Directions for this task: Using the data below, restate exactly every line from the one with "available at DESERT" up to and including the one with "源文件下载【地产年终冲刺倒计时海报】编号：28300003126846231". No picture belongs in it.

Excerpted records:
'''

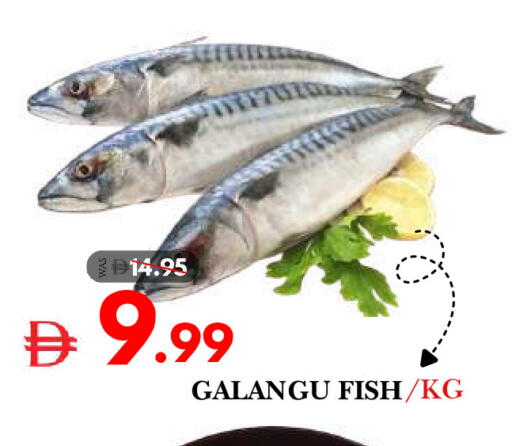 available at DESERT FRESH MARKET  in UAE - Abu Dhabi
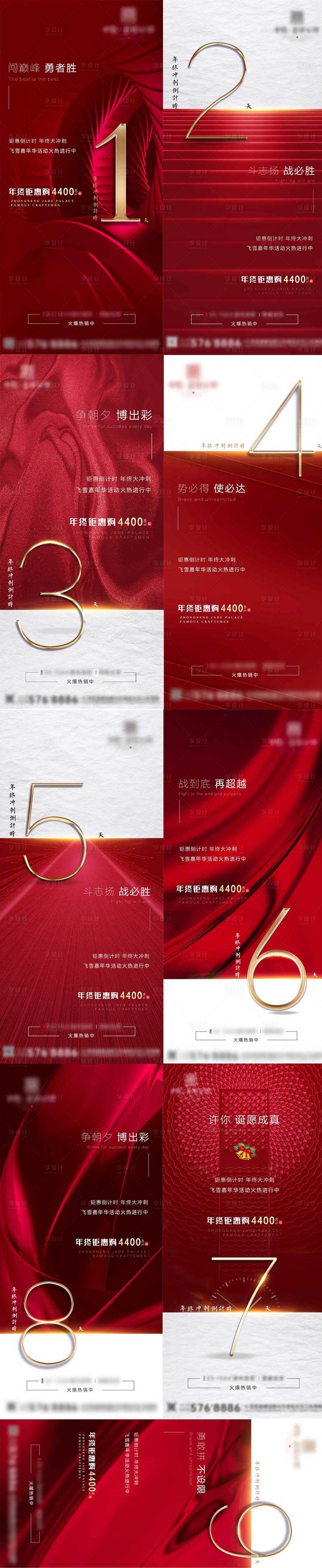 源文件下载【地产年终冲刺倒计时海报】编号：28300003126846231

'''
'''

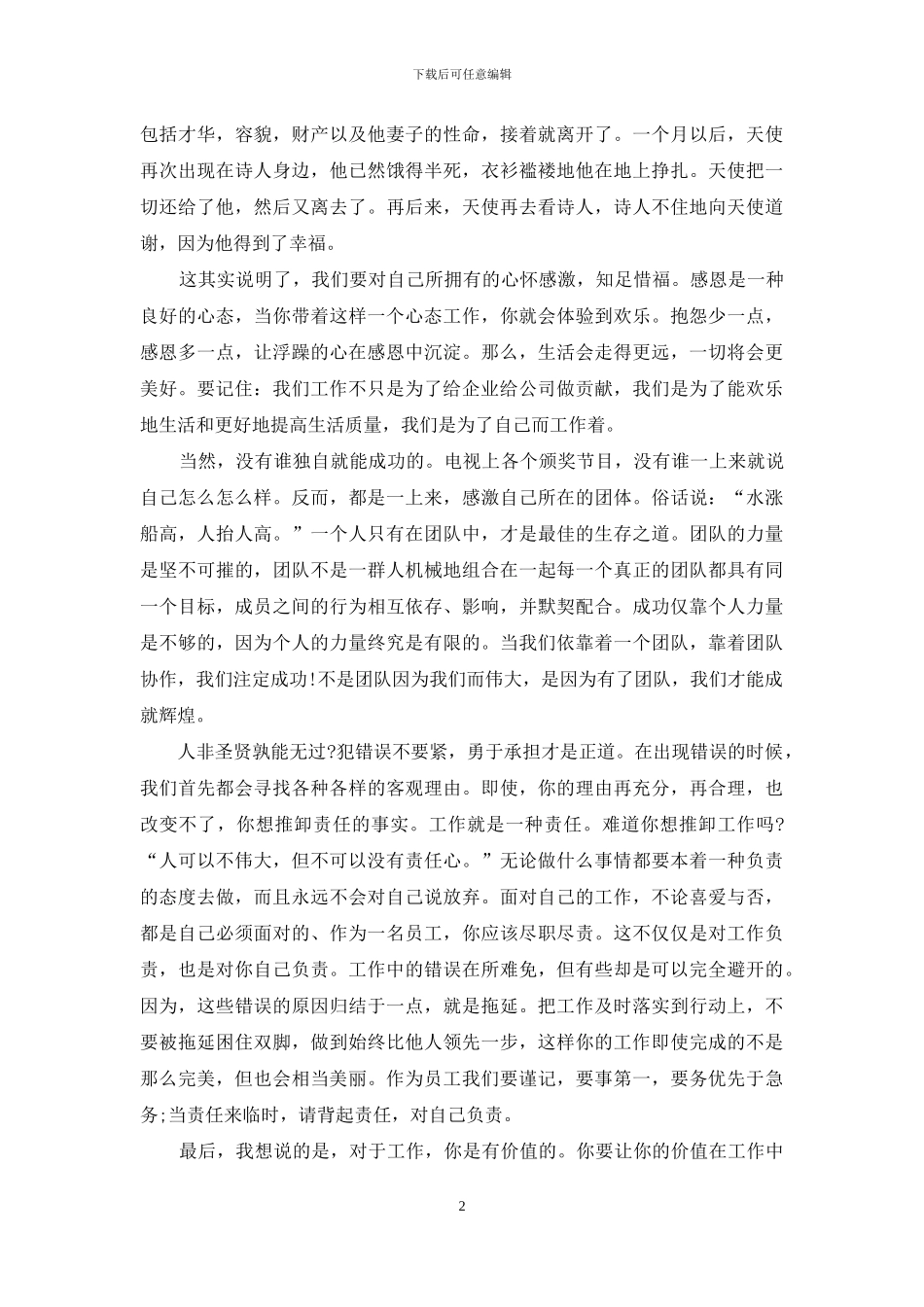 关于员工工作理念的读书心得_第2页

'''

Response to this task:
 available at DESERT FRESH MARKET  in UAE - Abu Dhabi
 源文件下载【地产年终冲刺倒计时海报】编号：28300003126846231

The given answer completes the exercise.